Using the records below, copy exactly the part that opens with the line holding "Caatinga Primavera Revista Fapesp" and closes with the line holding "蚂蚁运粮有何巧妙技巧?-图3 蚂蚁运粮有何巧妙技巧?-图3", minus the pictures.

[[ Record set open ]]

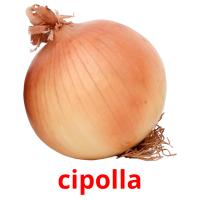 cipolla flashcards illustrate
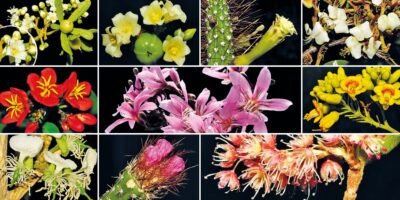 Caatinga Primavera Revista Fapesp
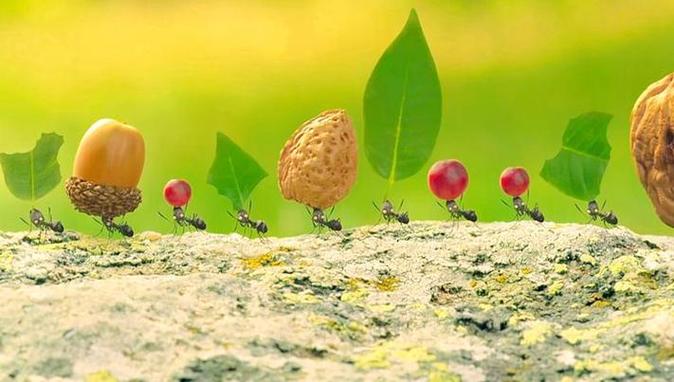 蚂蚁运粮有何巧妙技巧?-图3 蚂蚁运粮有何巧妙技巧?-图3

[[ Record set closed ]]
[[ Record set open ]]

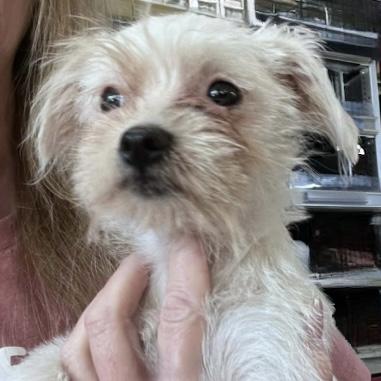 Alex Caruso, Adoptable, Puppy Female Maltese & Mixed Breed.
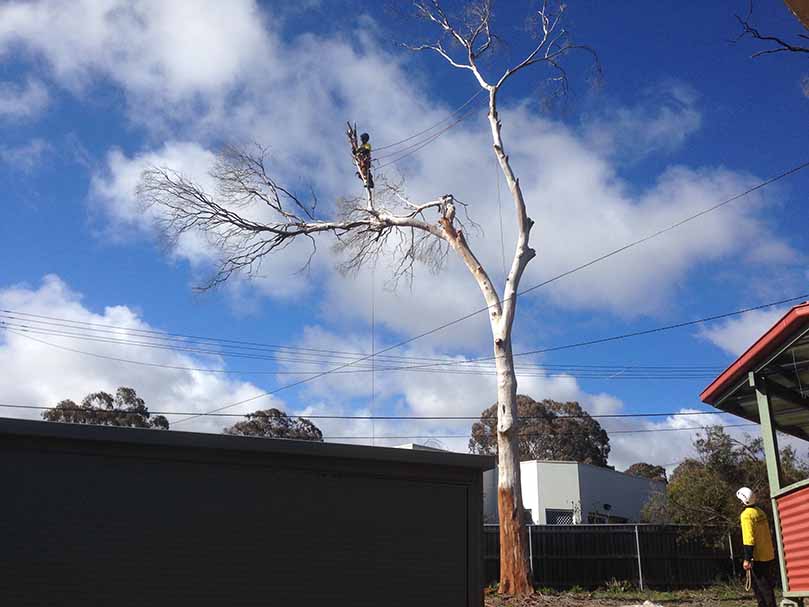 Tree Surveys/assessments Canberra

[[ Record set closed ]]

Response:
 Caatinga Primavera Revista Fapesp
 蚂蚁运粮有何巧妙技巧?-图3 蚂蚁运粮有何巧妙技巧?-图3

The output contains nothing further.